Minister of Agriculture Dr Leslie Ramsammy said officers from the Livestock and Crop Division are in Canal Number 2 to assess damages and prepare compensation packages for farmers affected by recent flooding.
Now that the water has receded from their lands, farmers are restarting land preparation exercises, though they have said that this is proving more costly than they can afford, noting that the price of fertilizer is rapidly increasing. They also told Stabroek News that now that the trenches have been dug and the Stanleytown pump operating,they don’t fear flooding, provided that maintenance work continues.
In response to a query about why neither he nor Junior Minister Ali Baksh has visited the area, Ramsammy said he had been travelling across the country and that he would visit the area at an “appropriate time.” Baksh, who was supposed to visit the area yesterday, said that he was in Essequibo and was unaware of the new developments at Canal Number Two.
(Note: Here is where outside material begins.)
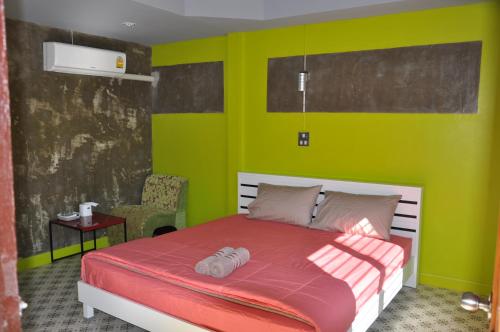 Tempat tidur dalam kamar di Feel Good Resort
Meanwhile, Head of the National Drainage and Irrigation Authority Lionel Wordsworth said that his department had deployed two excavators to the area and they have cleaned over six miles of the main drainage canal. He said one of the machines is at Clay Brick, in the Belle West Housing Scheme, where a door is being built in the drain to control the volume of water that flows into the main canal. Wordsworth also said there were reports there were three small cuts on the Sea Line and an excavator was immediately deployed to the area to mend them.
Vinod Jaghdir, who told this newspaper that he lost millions of dollars worth of crops, is now at contemplating his next move to get his fields ready for cultivation. To get started again, Jaghdir needs at least four bags of fertilizer, which cost $9,000 each and pesticides, including Bellis, Gramoxone, for the weeds that have began to shoot up. The cost of these pesticides range from $2,500 to $7,000. Jaghdir said he must start producing in order to make his mortgage payments.